--- RECORDED INFORMATION ---
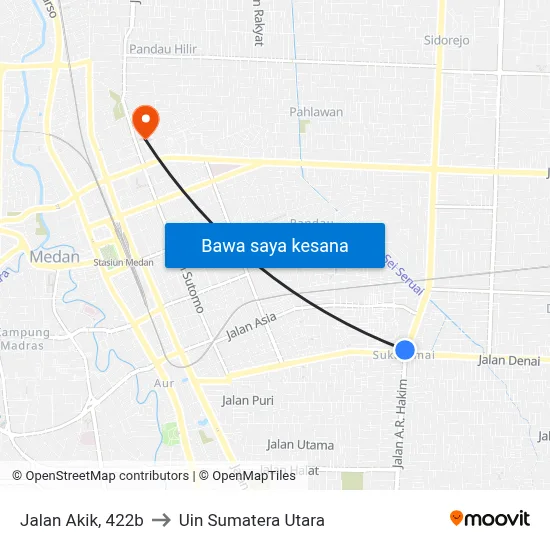 Jalan Akik, 422b to Uin Sumatera Utara map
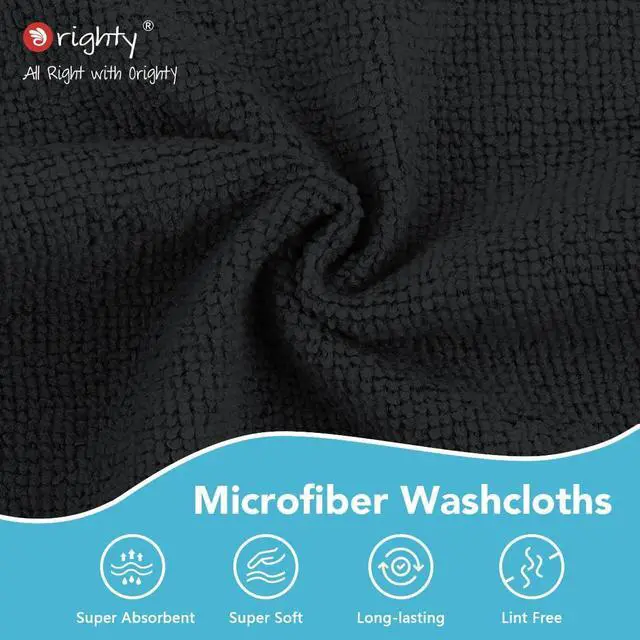 Alt view image 6 of 7 - Orighty Washcloths, 5 Pack Microfiber Face Towels, 12x12 Inch Black | Highly Absorbent & Soft Feel, Multi-Purpose Wash Cloths & Hand Towels for Bathroom, Hotel, Spa, and Gym
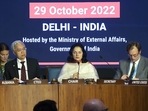 Permanent Representative of India to the United Nations Ruchira Kamboj speaks during United Nations Security Council special meeting of the Counter Terrorism Committee (CTC), in New Delhi on Saturday. Permanent Representative of India to the United Nations Ruchira Kamboj speaks during United Nations Security Council special meeting of the Counter Terrorism Committee (CTC), in New Delhi on Saturday.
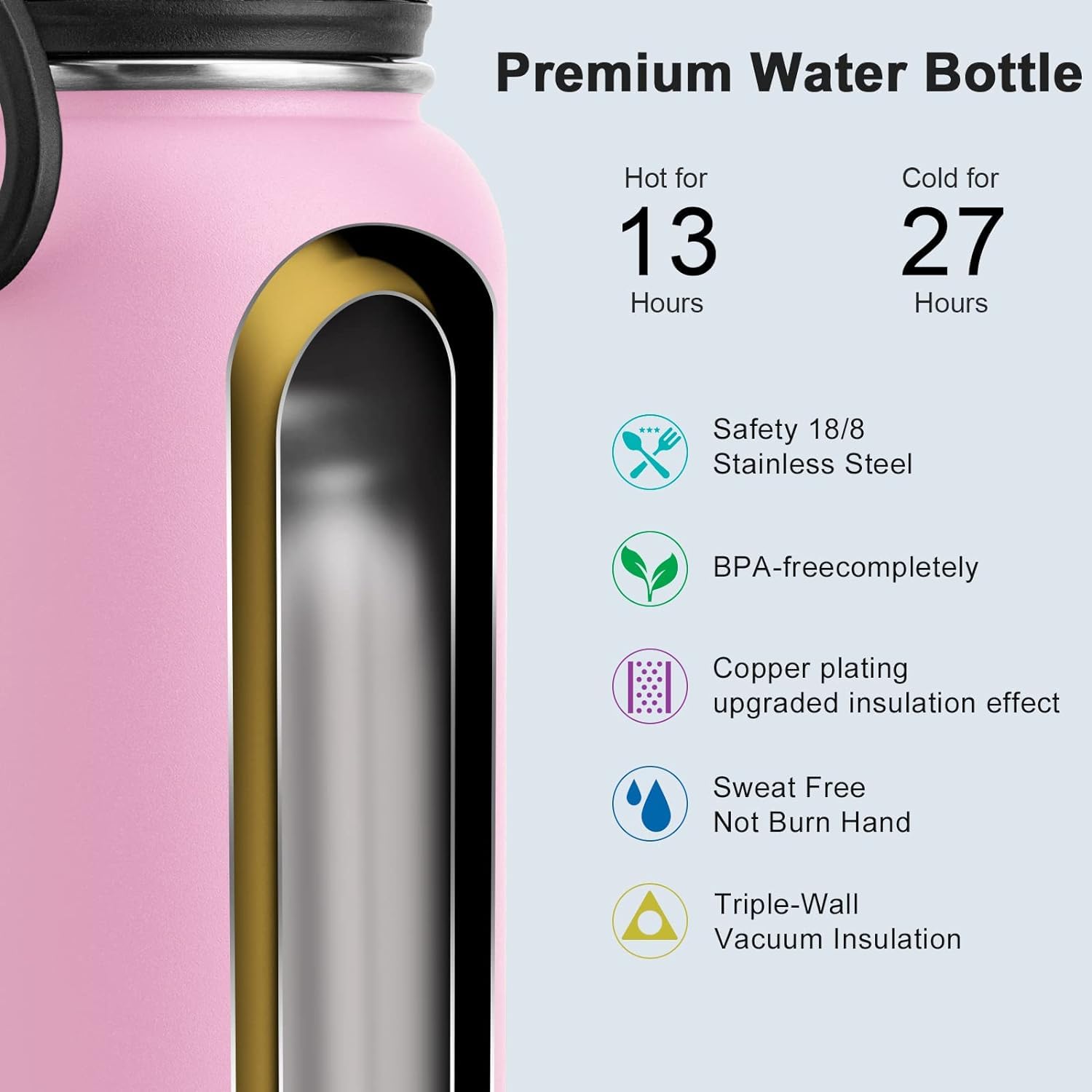 koodee Isolierte Wasserflasche, 900 ml, Edelstahl, doppelwandig, Vakuum, Weithals, Sportflasche mit auslaufsicherem Auslaufdeckel (Pink)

--- EXERCISE PROMPT ---
Exactly and only the lines from the one holding "Alt view image" through the final line of the material must be returned, both ends included, without any pictures.

--- EXERCISE SOLUTION ---
 Alt view image 6 of 7 - Orighty Washcloths, 5 Pack Microfiber Face Towels, 12x12 Inch Black | Highly Absorbent & Soft Feel, Multi-Purpose Wash Cloths & Hand Towels for Bathroom, Hotel, Spa, and Gym
 Permanent Representative of India to the United Nations Ruchira Kamboj speaks during United Nations Security Council special meeting of the Counter Terrorism Committee (CTC), in New Delhi on Saturday. Permanent Representative of India to the United Nations Ruchira Kamboj speaks during United Nations Security Council special meeting of the Counter Terrorism Committee (CTC), in New Delhi on Saturday.
 koodee Isolierte Wasserflasche, 900 ml, Edelstahl, doppelwandig, Vakuum, Weithals, Sportflasche mit auslaufsicherem Auslaufdeckel (Pink)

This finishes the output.